Take the line with "2013 Toyota Camry" and every line after it in the entries below, and set them down exactly, without any pictures.
+ + + + +
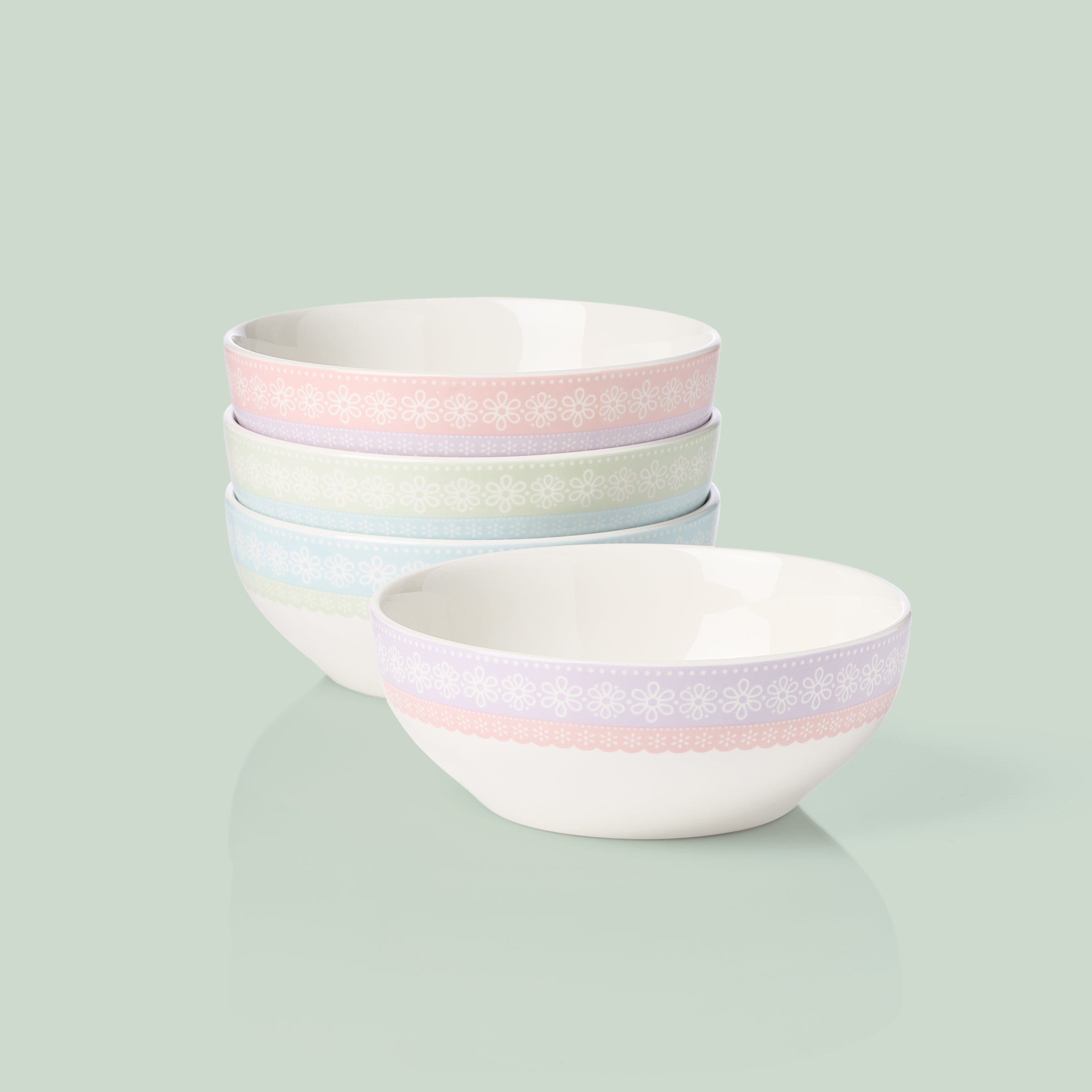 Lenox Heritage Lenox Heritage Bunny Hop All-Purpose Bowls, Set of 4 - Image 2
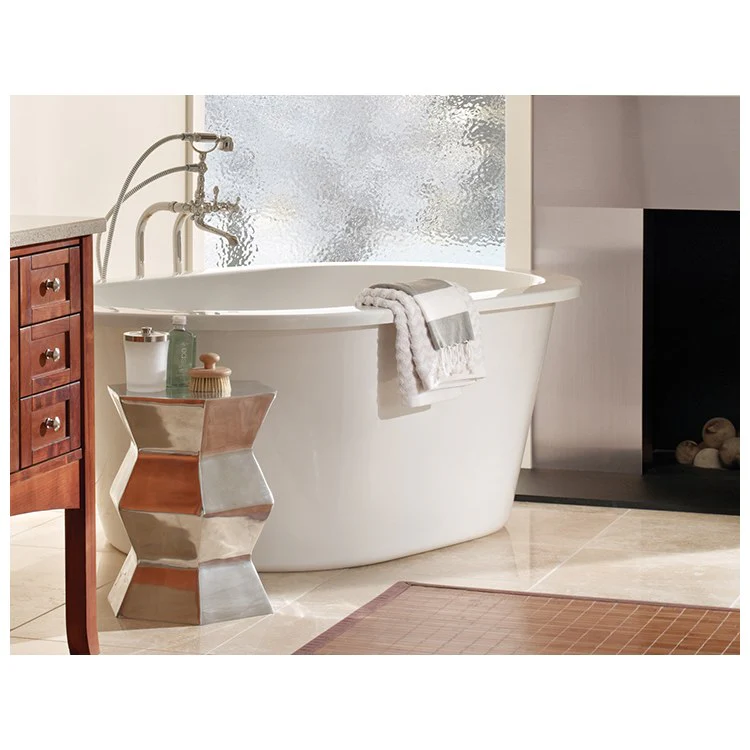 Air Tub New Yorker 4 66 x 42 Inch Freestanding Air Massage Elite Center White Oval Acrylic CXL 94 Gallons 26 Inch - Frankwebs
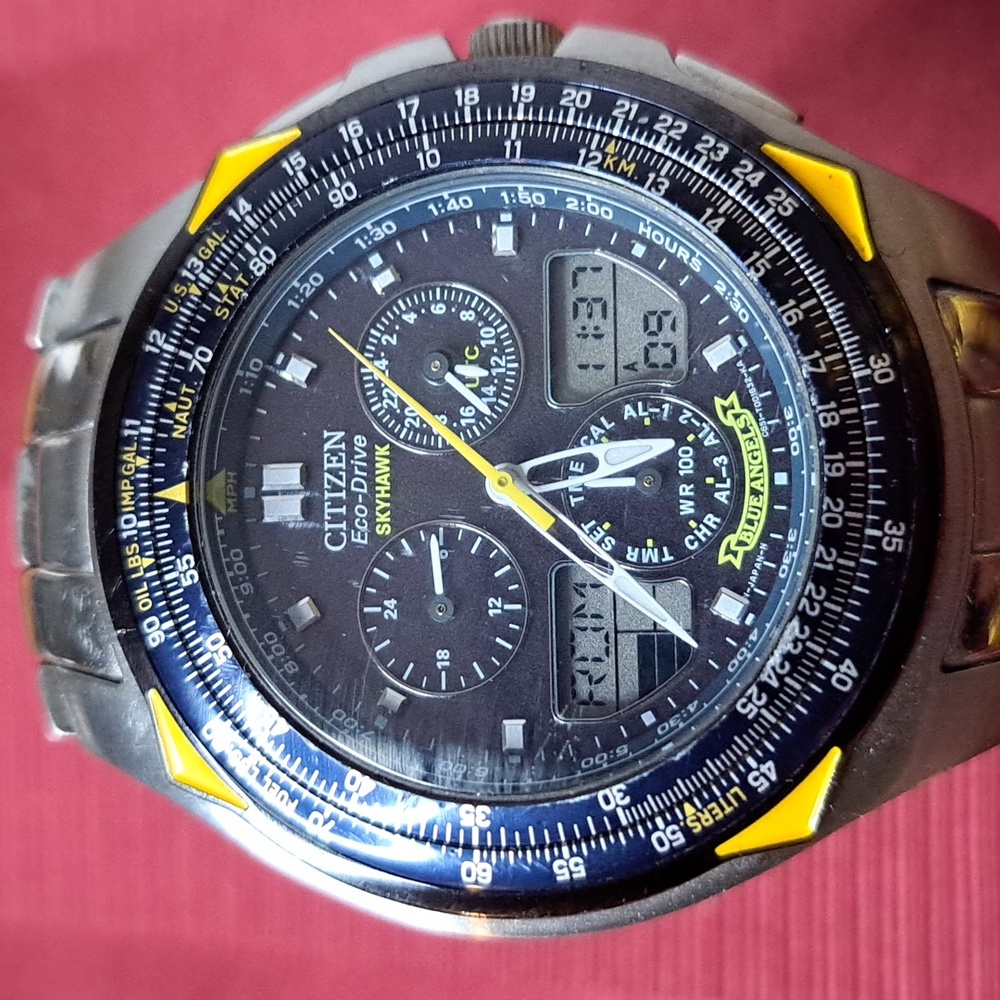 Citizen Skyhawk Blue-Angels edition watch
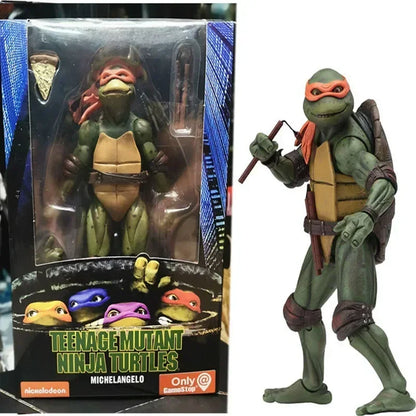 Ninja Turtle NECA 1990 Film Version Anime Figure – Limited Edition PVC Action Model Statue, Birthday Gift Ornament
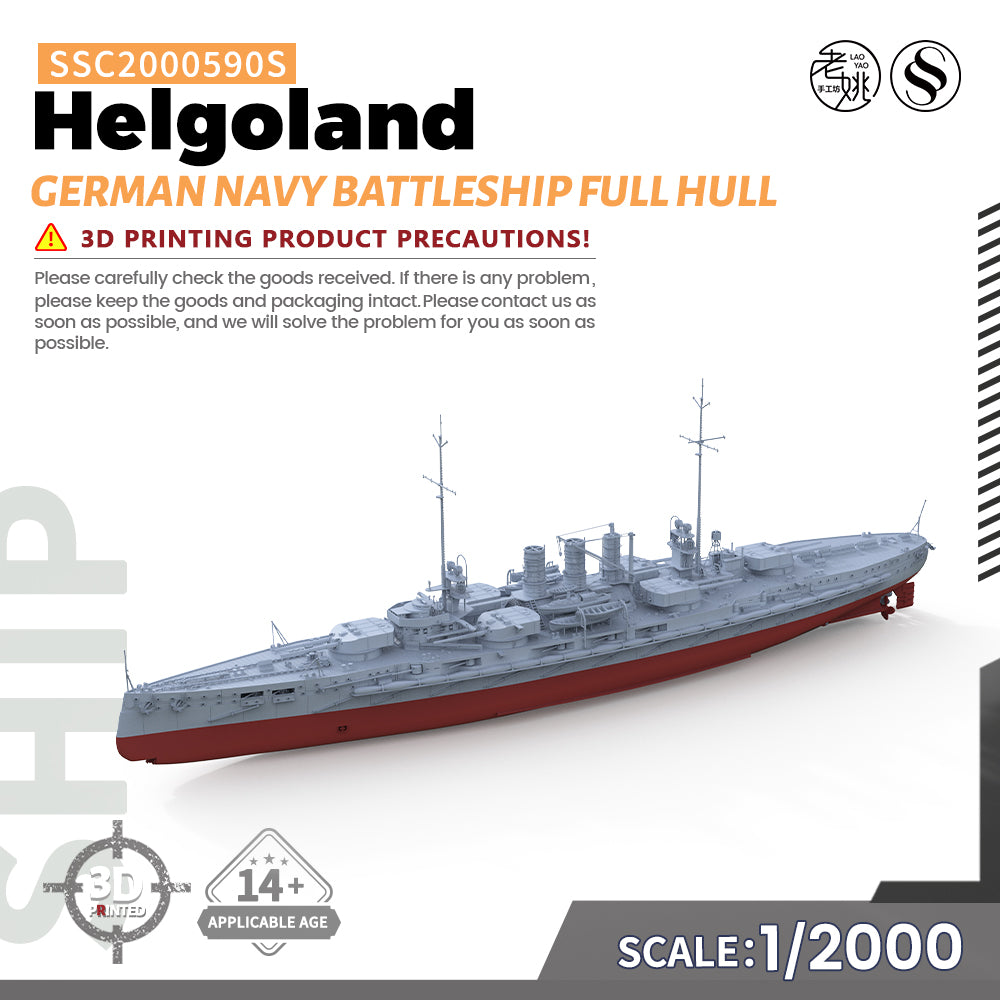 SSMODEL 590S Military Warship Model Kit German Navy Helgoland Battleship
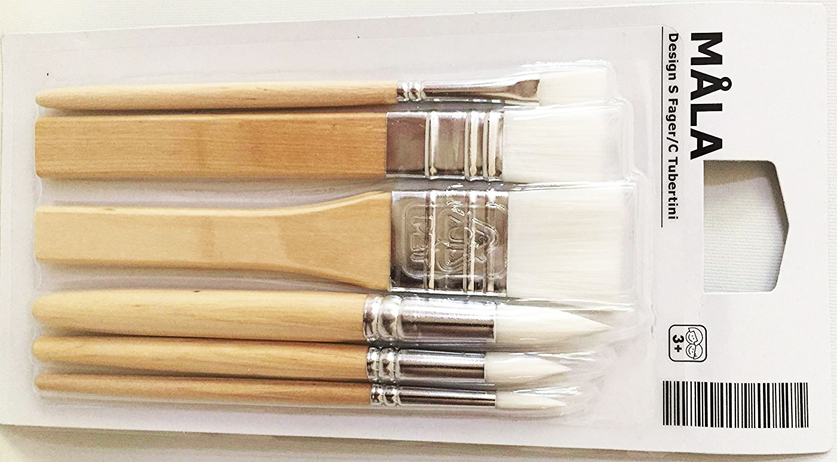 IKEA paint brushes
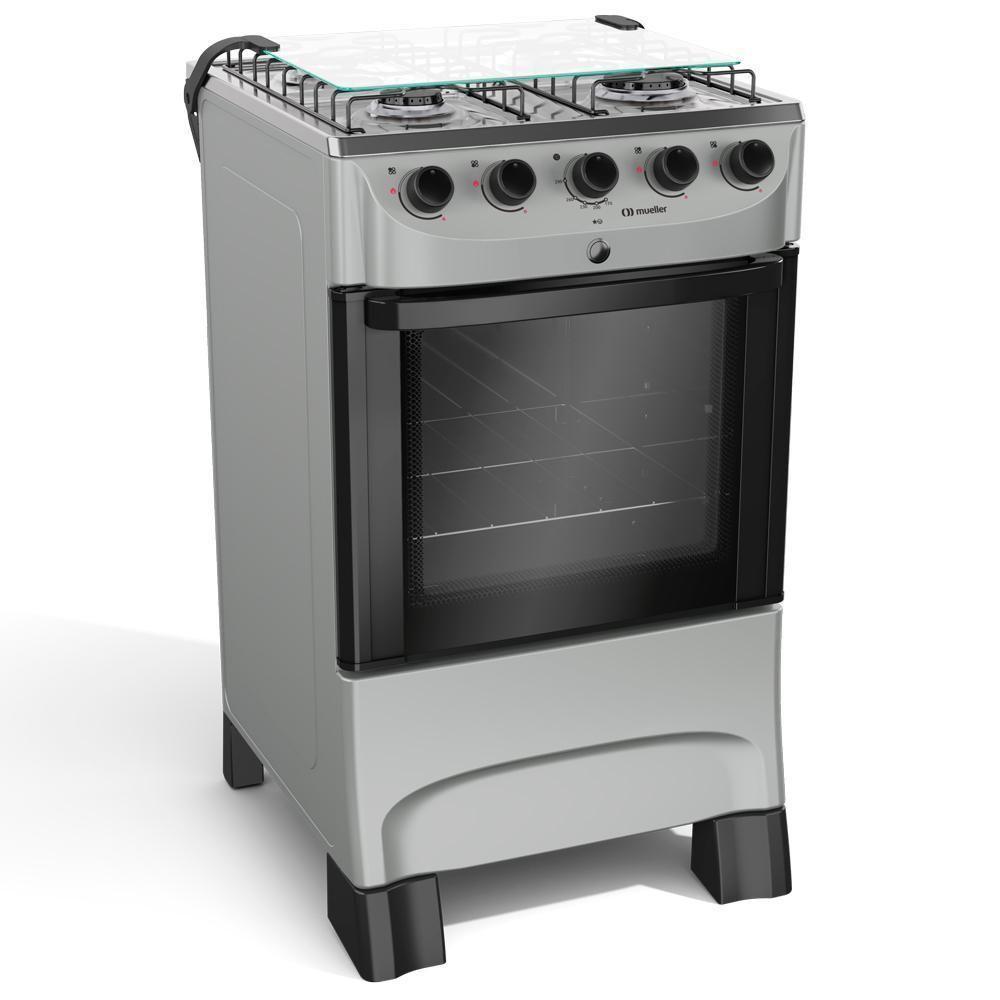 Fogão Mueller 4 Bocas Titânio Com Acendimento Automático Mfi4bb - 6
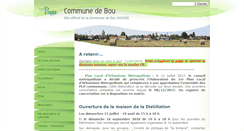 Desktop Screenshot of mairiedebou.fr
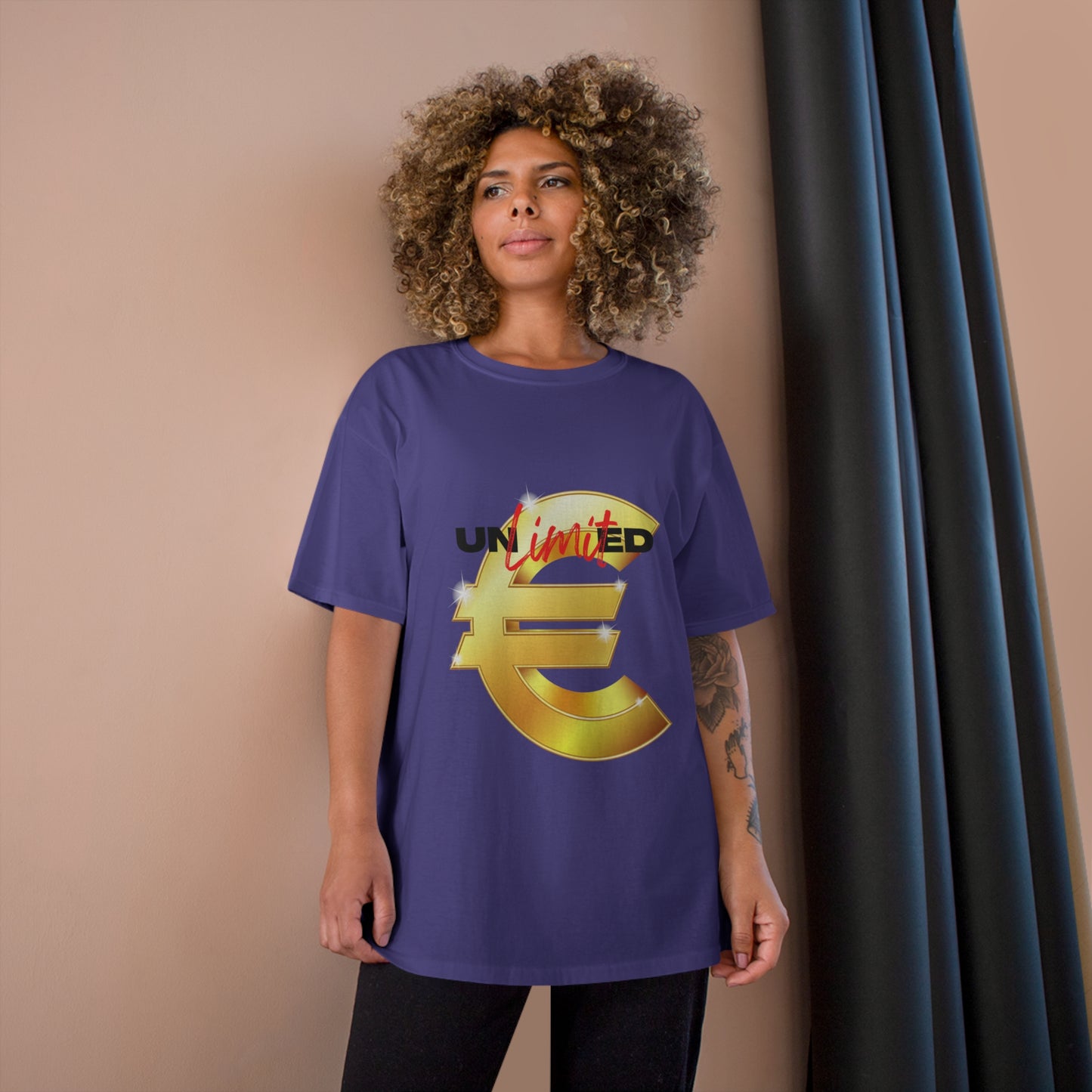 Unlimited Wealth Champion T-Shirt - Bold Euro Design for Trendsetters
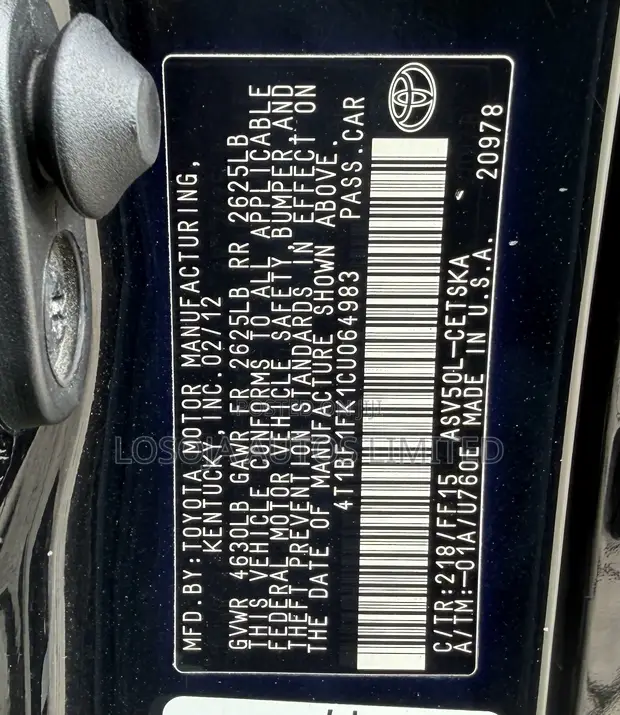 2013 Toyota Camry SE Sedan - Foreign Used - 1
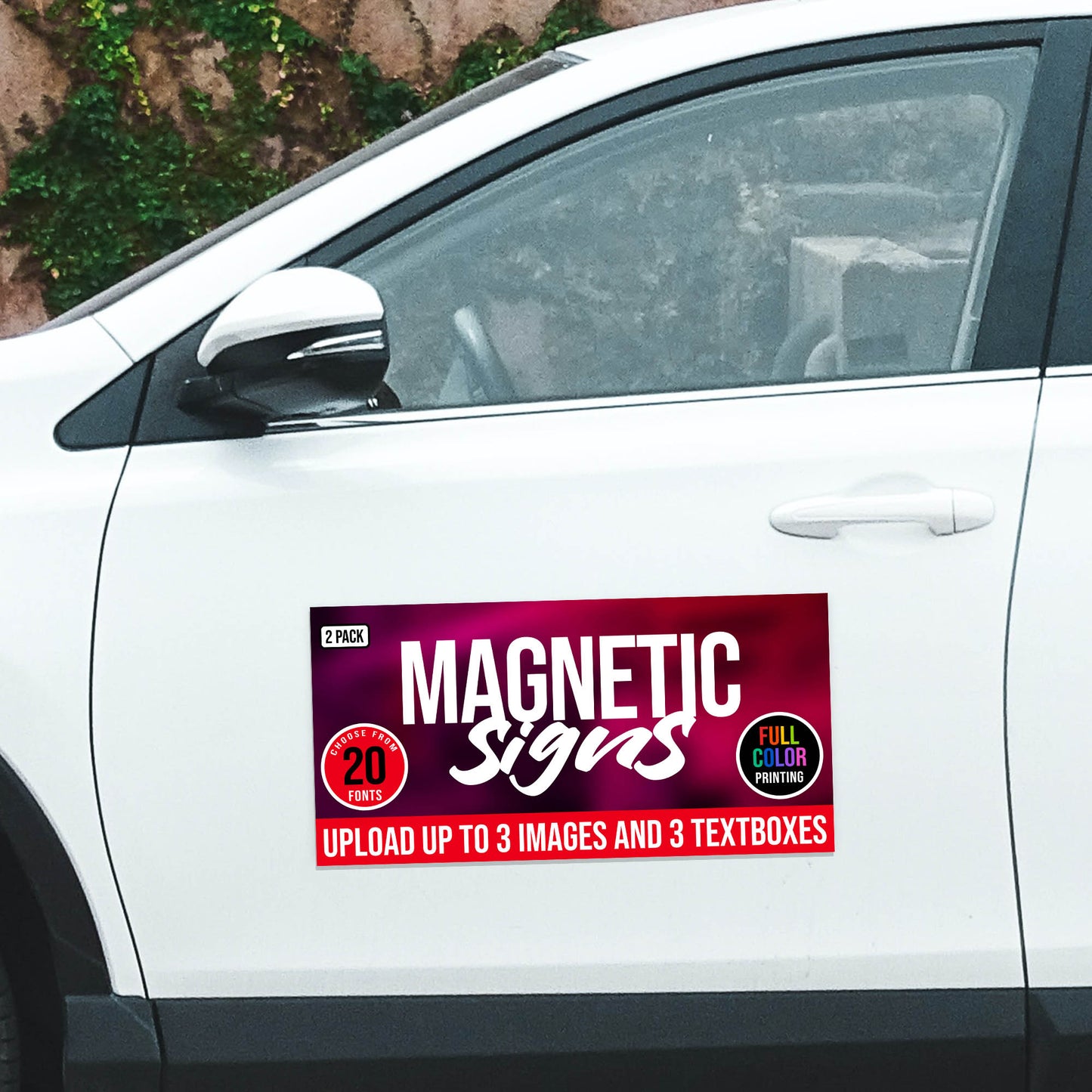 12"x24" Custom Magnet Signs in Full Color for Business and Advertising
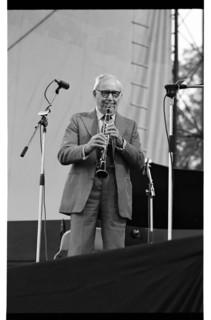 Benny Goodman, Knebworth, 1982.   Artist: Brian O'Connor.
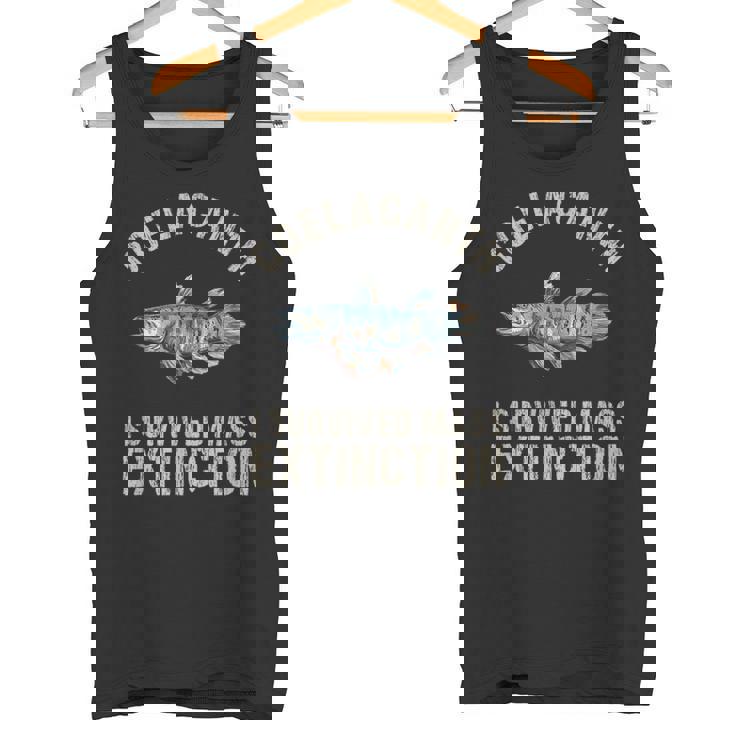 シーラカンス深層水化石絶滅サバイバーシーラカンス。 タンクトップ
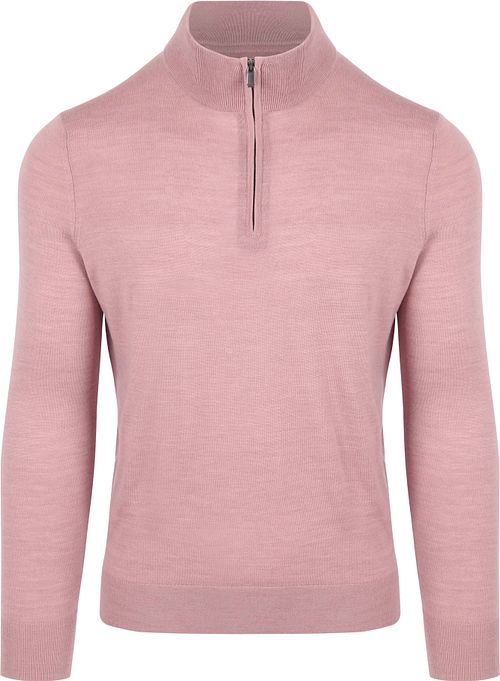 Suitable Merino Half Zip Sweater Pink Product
+ + + + +
● **Answer**
 2013 Toyota Camry SE Sedan - Foreign Used - 1
 12"x24" Custom Magnet Signs in Full Color for Business and Advertising
 Benny Goodman, Knebworth, 1982.   Artist: Brian O'Connor.
 シーラカンス深層水化石絶滅サバイバーシーラカンス。 タンクトップ
 Suitable Merino Half Zip Sweater Pink Product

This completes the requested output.